Of the top seventeen states whose residents give the highest percentage of their income to charity, all voted for Mitt Romney in the 2012 election.[ii] Utah, Mississippi and Alabama lead the way; the lowest seven on the list are all Obama blue states: Connecticut, Massachusetts, Rhode Island, New Jersey, Vermont, Maine and New Hampshire. Utah residents give 6.56% on average of their gross income; Connecticut tops the bottom dwellers at 2.34%, and the others range down to a miserly 1.74%. The progressive will be happy to fund the social state and wax proudly about the social contract, but pulls up lame by the numbers when it comes to hands on giving.

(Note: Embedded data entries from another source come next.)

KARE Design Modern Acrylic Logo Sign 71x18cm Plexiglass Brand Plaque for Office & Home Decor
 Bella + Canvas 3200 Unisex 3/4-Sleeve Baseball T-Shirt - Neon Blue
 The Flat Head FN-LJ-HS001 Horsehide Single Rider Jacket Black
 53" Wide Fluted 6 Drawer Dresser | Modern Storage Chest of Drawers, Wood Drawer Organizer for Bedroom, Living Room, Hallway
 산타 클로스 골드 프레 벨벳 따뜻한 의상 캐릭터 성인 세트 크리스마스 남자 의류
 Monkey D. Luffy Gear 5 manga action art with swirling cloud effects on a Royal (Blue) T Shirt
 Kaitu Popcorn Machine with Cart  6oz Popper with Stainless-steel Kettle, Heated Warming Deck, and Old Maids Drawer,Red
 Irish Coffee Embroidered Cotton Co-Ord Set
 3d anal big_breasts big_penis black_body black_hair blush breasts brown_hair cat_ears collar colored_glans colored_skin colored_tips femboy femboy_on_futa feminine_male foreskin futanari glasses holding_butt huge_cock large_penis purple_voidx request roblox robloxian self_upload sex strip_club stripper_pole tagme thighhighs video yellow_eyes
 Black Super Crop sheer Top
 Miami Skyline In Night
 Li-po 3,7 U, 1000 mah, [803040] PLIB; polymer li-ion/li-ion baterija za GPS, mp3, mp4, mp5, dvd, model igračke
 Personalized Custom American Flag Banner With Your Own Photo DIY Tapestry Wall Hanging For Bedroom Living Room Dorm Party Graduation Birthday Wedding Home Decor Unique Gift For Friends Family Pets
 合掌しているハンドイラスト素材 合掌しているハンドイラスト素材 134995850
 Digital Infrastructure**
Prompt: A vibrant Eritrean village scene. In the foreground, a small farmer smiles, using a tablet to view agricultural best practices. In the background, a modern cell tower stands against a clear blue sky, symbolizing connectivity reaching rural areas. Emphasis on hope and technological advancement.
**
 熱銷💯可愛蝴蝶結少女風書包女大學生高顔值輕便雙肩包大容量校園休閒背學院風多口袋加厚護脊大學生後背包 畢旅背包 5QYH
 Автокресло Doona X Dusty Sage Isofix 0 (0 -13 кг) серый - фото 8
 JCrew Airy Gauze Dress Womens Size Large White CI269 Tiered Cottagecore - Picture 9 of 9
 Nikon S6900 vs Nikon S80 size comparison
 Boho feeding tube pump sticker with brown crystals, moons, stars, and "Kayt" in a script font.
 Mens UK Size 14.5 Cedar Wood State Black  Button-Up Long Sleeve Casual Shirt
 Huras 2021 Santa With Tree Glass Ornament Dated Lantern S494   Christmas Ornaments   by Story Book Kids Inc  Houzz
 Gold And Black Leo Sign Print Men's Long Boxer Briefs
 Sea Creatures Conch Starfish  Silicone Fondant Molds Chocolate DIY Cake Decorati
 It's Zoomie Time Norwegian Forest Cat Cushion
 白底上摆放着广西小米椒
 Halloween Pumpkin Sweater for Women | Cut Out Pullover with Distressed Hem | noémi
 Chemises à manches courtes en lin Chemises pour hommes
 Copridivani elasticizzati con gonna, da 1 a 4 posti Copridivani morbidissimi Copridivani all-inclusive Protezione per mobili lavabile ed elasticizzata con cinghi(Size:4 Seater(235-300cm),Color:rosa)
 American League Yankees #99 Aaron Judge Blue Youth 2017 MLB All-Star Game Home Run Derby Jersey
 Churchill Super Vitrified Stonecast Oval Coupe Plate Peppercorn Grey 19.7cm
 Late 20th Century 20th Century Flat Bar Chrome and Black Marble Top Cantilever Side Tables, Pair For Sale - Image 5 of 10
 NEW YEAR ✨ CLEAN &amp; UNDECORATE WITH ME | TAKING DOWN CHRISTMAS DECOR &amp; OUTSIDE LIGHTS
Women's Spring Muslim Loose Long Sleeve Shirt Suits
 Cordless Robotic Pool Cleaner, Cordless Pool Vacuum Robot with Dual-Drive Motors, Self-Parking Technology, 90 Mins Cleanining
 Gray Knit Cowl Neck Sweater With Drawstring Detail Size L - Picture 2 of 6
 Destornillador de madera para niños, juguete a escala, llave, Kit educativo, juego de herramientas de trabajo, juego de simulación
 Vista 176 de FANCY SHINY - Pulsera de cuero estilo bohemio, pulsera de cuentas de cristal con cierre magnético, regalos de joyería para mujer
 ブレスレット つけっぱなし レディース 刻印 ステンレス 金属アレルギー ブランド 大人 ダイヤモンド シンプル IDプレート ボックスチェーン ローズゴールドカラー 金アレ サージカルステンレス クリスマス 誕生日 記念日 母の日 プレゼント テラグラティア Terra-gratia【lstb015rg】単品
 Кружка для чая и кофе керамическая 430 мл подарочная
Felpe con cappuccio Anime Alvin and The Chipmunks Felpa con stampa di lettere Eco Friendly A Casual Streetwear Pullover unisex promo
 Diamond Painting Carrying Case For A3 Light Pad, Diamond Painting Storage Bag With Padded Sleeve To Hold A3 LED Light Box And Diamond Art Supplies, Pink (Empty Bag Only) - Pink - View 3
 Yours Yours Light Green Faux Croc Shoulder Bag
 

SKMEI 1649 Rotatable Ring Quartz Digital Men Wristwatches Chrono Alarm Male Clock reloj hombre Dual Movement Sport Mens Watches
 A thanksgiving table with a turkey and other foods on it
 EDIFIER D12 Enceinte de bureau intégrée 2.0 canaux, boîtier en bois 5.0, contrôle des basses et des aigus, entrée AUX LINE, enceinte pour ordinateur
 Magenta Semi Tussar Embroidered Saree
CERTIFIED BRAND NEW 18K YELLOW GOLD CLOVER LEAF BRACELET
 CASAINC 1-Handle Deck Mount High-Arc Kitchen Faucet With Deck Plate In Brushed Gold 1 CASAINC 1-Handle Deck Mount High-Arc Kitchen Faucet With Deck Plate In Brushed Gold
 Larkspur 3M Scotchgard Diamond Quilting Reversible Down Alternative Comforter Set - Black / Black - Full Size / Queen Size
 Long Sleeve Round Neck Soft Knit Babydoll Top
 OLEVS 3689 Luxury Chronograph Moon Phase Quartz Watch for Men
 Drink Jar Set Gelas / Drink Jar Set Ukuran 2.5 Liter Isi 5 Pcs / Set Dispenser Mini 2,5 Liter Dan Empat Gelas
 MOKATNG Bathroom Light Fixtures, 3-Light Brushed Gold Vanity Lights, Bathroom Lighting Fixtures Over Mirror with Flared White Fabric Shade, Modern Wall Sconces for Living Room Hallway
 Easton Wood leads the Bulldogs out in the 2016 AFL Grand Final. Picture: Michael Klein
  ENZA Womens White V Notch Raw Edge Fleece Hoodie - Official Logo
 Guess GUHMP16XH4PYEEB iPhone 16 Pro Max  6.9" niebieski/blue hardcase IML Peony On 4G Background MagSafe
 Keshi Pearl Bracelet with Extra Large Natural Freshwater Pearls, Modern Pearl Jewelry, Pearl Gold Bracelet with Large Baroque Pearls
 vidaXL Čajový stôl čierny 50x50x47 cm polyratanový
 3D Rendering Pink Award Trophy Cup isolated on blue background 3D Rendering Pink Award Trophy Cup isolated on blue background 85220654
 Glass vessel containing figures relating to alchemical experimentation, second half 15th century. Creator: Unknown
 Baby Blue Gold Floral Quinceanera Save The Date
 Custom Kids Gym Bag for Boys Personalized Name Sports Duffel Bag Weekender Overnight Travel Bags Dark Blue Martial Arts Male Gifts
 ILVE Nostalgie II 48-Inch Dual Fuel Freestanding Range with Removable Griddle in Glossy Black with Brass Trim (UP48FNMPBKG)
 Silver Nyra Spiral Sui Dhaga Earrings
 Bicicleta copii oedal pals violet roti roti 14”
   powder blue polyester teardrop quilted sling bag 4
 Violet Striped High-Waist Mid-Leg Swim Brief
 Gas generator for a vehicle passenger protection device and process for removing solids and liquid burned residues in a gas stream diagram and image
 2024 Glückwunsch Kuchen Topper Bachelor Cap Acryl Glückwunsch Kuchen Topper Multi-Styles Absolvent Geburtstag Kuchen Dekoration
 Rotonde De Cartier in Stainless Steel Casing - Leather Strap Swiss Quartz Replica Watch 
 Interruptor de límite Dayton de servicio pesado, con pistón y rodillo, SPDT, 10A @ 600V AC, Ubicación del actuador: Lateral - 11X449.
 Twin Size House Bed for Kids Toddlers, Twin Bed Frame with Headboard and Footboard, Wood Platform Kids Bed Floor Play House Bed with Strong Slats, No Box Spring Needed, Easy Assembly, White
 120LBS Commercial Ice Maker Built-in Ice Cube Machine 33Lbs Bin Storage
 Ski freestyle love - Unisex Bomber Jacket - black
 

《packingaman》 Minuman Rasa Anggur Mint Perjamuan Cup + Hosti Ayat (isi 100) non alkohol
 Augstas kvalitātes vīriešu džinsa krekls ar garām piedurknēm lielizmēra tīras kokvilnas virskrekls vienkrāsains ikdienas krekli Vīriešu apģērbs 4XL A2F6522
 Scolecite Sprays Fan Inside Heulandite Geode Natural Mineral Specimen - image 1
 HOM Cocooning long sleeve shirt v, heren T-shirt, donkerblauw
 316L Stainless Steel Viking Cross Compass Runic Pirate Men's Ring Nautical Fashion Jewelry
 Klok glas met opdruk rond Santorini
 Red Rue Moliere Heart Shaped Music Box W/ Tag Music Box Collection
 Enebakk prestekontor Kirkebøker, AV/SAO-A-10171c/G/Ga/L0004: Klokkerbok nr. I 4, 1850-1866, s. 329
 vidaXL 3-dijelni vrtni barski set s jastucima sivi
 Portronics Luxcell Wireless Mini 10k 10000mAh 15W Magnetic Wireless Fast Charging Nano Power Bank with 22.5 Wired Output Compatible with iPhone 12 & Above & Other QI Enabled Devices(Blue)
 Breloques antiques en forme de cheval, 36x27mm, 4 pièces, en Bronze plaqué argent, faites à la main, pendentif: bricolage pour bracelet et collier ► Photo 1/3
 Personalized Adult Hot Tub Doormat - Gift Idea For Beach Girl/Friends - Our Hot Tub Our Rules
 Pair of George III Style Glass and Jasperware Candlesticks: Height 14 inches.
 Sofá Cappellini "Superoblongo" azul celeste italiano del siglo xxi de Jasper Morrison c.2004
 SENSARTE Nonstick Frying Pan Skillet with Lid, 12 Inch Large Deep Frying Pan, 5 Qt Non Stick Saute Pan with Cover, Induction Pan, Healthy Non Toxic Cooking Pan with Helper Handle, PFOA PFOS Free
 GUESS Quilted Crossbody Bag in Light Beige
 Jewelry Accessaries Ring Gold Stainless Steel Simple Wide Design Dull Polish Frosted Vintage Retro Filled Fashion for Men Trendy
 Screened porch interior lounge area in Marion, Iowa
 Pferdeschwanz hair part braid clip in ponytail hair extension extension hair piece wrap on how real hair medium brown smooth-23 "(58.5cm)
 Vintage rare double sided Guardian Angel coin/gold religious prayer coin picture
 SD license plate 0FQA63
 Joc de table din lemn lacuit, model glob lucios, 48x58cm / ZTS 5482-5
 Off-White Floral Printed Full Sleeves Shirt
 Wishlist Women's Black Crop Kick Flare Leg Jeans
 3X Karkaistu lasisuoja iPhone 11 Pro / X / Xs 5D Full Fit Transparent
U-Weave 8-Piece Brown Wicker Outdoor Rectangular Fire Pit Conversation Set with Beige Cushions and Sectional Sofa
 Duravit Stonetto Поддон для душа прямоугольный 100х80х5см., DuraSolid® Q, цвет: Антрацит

“In every circumstance and in all things I have learned the secret of being well fed and of going hungry, of living in abundance and of being in need. I can do all things in him who strengthens me. Still, it was kind of you to share in my distress.” St. Paul’s letter to the church at Phillipi
[i] See “How America Gives” http://philanthropy.com/section/How-America-Gives/621/
[ii] See the table from the article: http://philanthropy.com/article/How-States-CompareHow/149169/
Interesting story relating to your friend “Finn”, I know a few myself, although retiring in your late forties and sailing to Tahiti sounds ok. I guess we all give to the less fortunate as we see fit, I can’t tell you that I am proud to be from Massachusetts these days. It puts me in company to which I wish not to be aligned.
Maybe it’s time I moved to a state more closely in line with my personal priorities. Also that a few more people support a true presidential candidate and fewer idiots show up to vote for an Obama follow up.